Stockroom is built to use alongside git. This tutorial will guide you through a typical git workflow that uses stockroom to - Store data - Use that data to train a network in PyTorch - Version the model as we go - Tag the hyper parameters in different experiments

For this tutorial, we use a pretrained PyTorch network to classify cats and dogs. We have divided the whole tutorial into 7 stages. 1. Setup the repository 2. Download some data and store it in stockroom 3. Train the network and save the model + hyper parameters 4. Fine tune the hyper parameters

1. Setup the repository

In a typical software development project, we’ll have a git repository ready.

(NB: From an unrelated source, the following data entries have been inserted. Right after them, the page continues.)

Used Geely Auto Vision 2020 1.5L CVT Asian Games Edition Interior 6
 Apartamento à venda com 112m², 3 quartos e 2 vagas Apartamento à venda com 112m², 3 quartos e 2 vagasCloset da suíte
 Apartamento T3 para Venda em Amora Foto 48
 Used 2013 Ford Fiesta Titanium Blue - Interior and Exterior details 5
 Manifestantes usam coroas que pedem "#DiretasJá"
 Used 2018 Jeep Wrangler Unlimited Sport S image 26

Let’s make that first.

Initialize git

[1]:
!git init
Initialized empty Git repository in /home/hhsecond/mypro/stockroom/examples/.git/

Initialize stock

We need to initialize stock repository at the same location. A stock initialization is essentially a hangar initialization (if hangar repo doesn’t exist at the given location) and creating head.stock file

[2]:
!stock init --name sherin --email a@b.c
Hangar Repo initialized at: /home/hhsecond/mypro/stockroom/examples/.hangar
Stock file created

Initial git commit

Now we need to make the first commit. Remember, we use this notebook for controlling this workflow tutorial. Versioning the notebook might not be a good idea in this case since each checkout will change the status of our notebook which hinder us from moving forward. But in a typical project workflow you require you to version everything

[3]:
!git status
On branch master

No commits yet

Untracked files:
  (use "git add <file>..." to include in what will be committed)

        .gitignore
        .ipynb_checkpoints/
        head.stock
        requirements.txt
        with-git.ipynb

nothing added to commit but untracked files present (use "git add" to track)
[4]:
!echo "\ndownloads" > .gitignore
!git add .gitignore head.stock
!git commit -m 'initialized repo'
[master (root-commit) bfe72a8] initialized repo
 2 files changed, 2 insertions(+)
 create mode 100644 .gitignore
 create mode 100644 head.stock

2. Download & Store Data

For this tutorial, as most of the tutorials, we’ll build a fully connected network to predict hand written digits from MNIST dataset.

Download images

We download the data using below utility functions (inspired from https://gist.github.com/goldsborough/6dd52a5e01ed73a642c1e772084bcd03)

[5]:
from urllib.request import urlretrieve
import gzip
import os
import sys


def report_download_progress(chunk_number, chunk_size, file_size):
    if file_size != -1:
        percent = min(1, (chunk_number * chunk_size) / file_size)
        bar = '#' * int(64 * percent)
        sys.stdout.write('\r0% |{:<64}| {}%'.format(bar, int(percent * 100)))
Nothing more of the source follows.